Review Summary: An awesome wave indeed.
The genre of alternative music has been witness to many varying faces and leaders throughout the ages. The ever evolving, expanding and intriguing artistic medium is constantly moving into new norms and standards that seem to come as fast as they seem to go, leaving timeless classics as well as mass amounts of mediocre recordings buried it its seamlessly infinite depths. Some of arguably the most influential artists of the most recent decade have spawned from Alternative music (Arcade Fire and Brand New to name a couple) and while you may or may not like it, it’s almost impossible to deny the genre’s ever growing popularity among mass audiences. With Alt-J’s debut, An Awesome Wave
, the genre might very well have a new innovative ringleader, one which blends tripped out studio inspired psychedelics with above-par musicianship and song-writing, topped off with chilled out, melodic, atmosphere and above all catchy and creative vocals.
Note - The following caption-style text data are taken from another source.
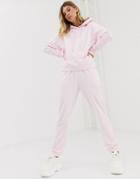 Asos Design Tracksuit Hoodie / Slim Jogger With Tie - Pink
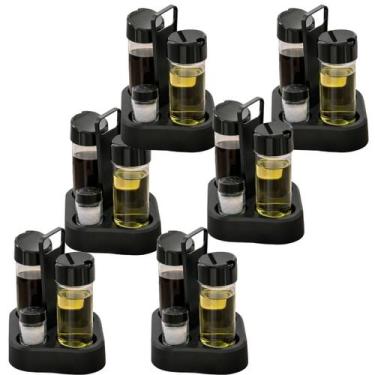 Imagem de Kit 6 Galheteiros 4 em 1 Unitermi Porta Temperos Cozinha Mesa Posta Sa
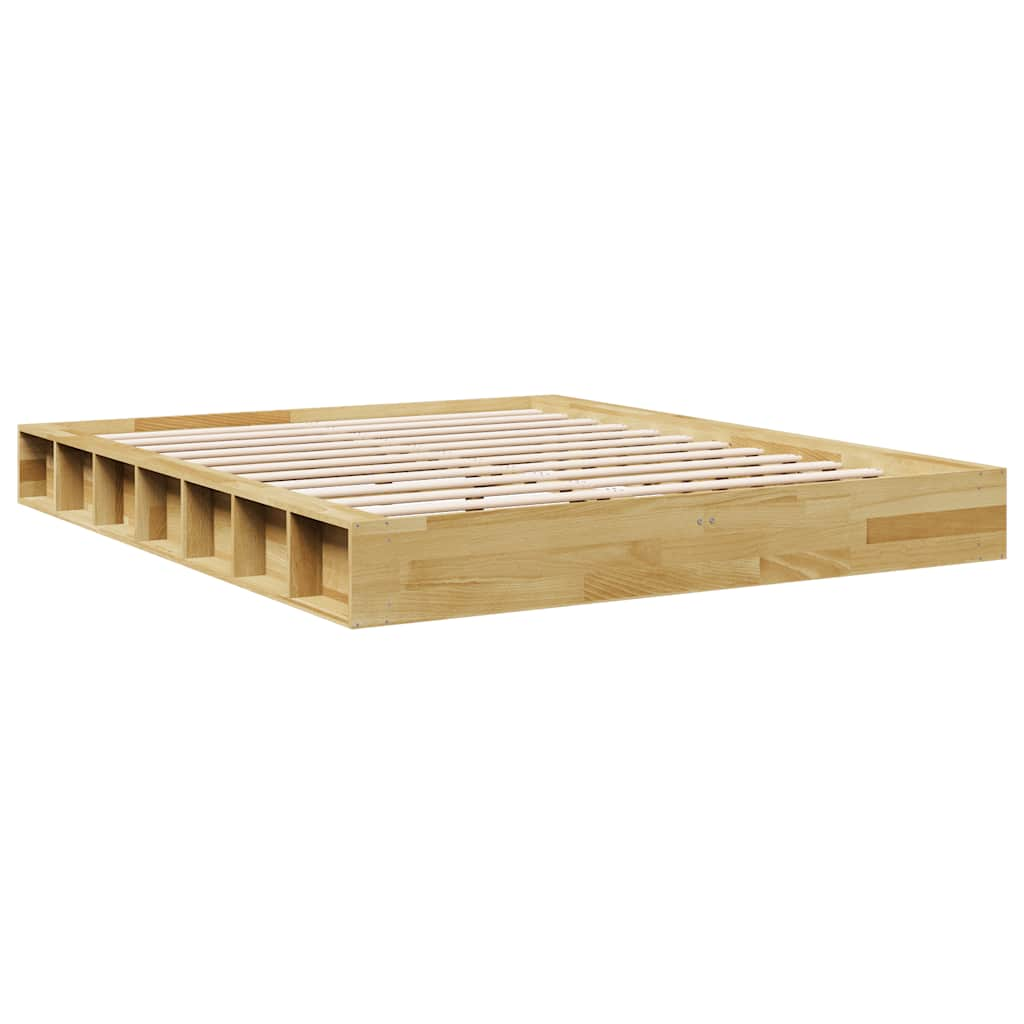 vidaXL Estructura de cama sin colchón 135x190 cm madera maciza roble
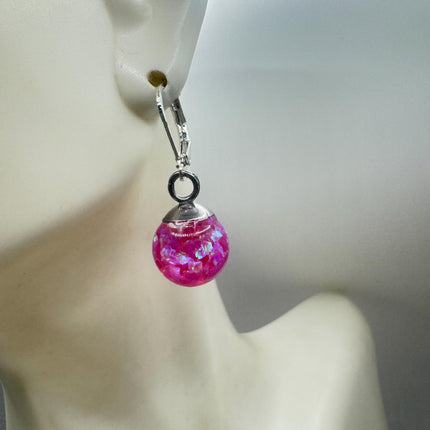 Vintage Pink Fire Floating Opal Earrings 925 Sterling Lever backs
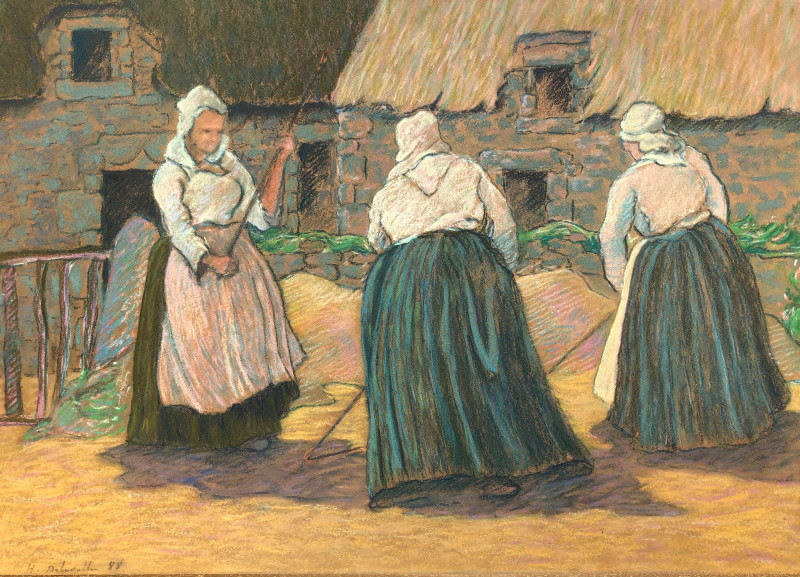 Les batteuses de blé par Henri Delavallée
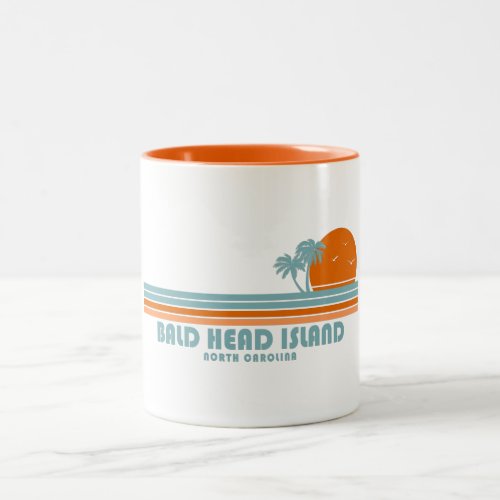 Bald Head Island North Carolina Sun Palm Trees Two_Tone Coffee Mug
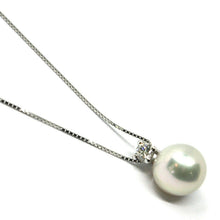 Charger l'image dans la galerie, 18k white gold necklace & pendant, saltwater Akoya pearl 7.5/8 mm, diamond 0.07.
There are many aspects of An Awesome Wave
to embrace and enjoy. Alt-J clearly posses an arcane ability to mix many varying as well as interesting parallels into their often heterogeneous yet never overbearing mix. The tracks presented range from reggae inspired, radio-friendly, light-hearted summer anthems such as “Breezeblocks” and “Matilda” to the mind-bending studio savvy of “Fitzpleasure.” For the most part, the songs are carried by group front man Joe Newman’s expressive and peculiar vocal delivery. While Newman’s vocal tone lacks originality it more than makes up for it in his approach which relies on impressive melodies and harmonies that make other comparing vocalists sound mediocre and uninspired by comparison.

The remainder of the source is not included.